*** SUPPLIED DATA
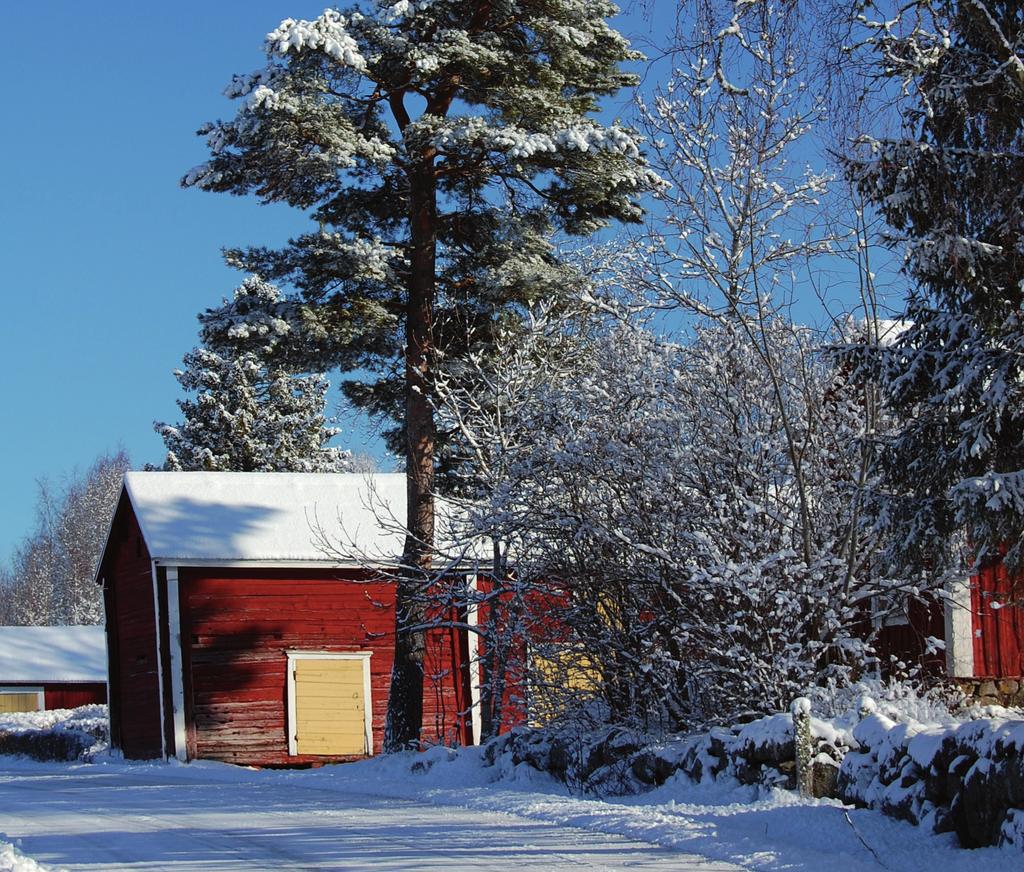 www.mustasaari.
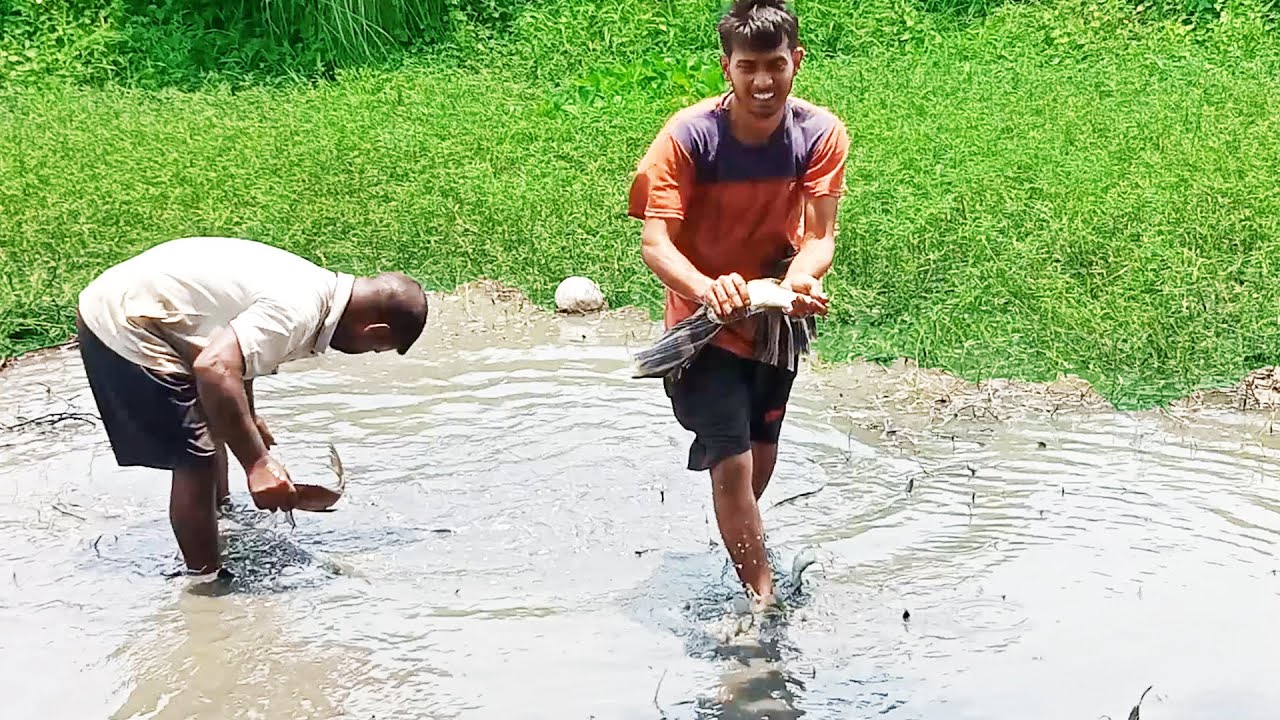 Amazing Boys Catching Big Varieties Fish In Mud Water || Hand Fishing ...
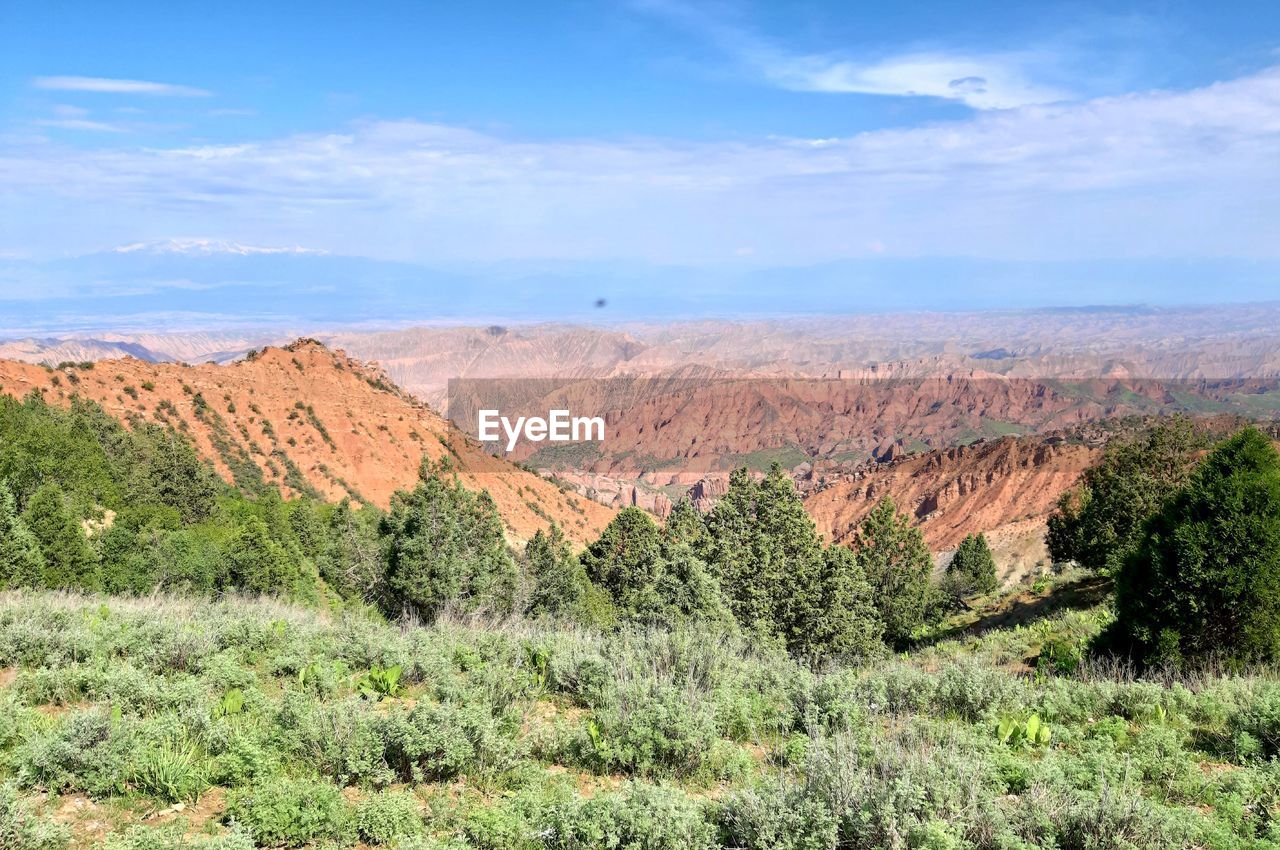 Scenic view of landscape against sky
******
--- DIRECTIONS ---
Return the material exactly as written, except for any pictures it holds.

--- SOLUTION FOR THIS PROBLEM ---
 www.mustasaari.
 Amazing Boys Catching Big Varieties Fish In Mud Water || Hand Fishing ...
 Scenic view of landscape against sky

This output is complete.